Exercise goal
Below are entries; repeat exactly, and nothing else, the lines from the one holding "Uzraksts Bolderāja" through the one holding "Kitchen - 10", inclusive. Leave the pictures out.

Excerpted records
****

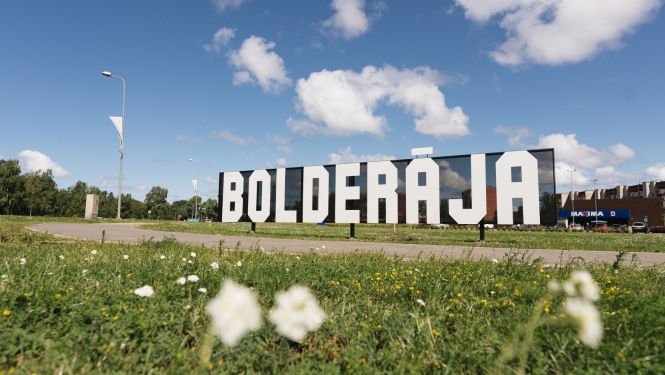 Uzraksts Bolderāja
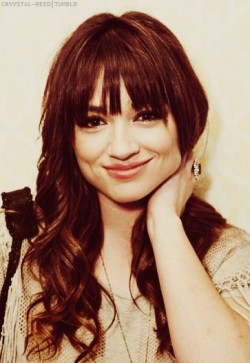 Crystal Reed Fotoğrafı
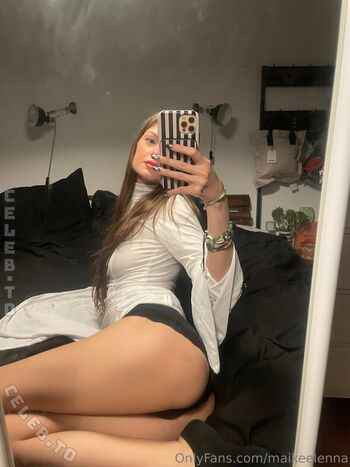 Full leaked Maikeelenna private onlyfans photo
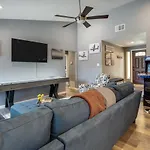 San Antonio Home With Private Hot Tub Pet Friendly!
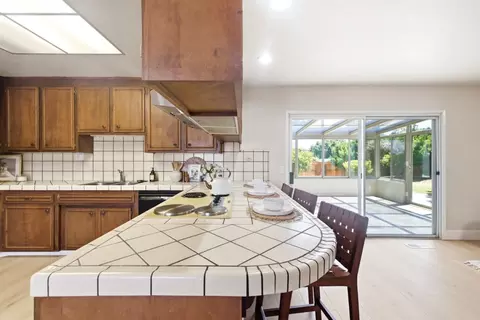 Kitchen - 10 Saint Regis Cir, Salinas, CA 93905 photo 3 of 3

****

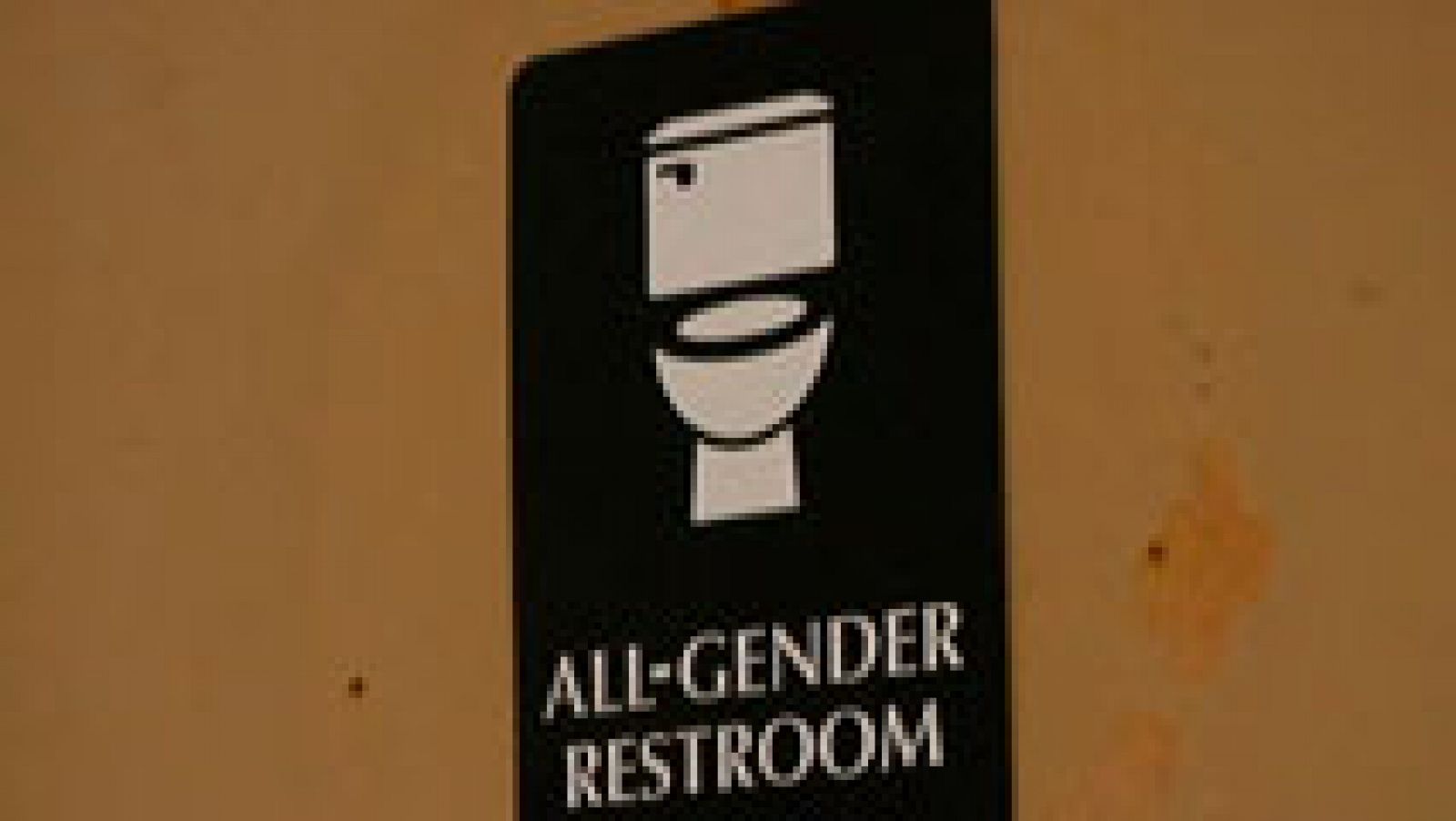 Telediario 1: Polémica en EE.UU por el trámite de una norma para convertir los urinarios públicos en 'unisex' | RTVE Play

****

Answer area
 Uzraksts Bolderāja
 Crystal Reed Fotoğrafı
 Full leaked Maikeelenna private onlyfans photo
 San Antonio Home With Private Hot Tub Pet Friendly!
 Kitchen - 10 Saint Regis Cir, Salinas, CA 93905 photo 3 of 3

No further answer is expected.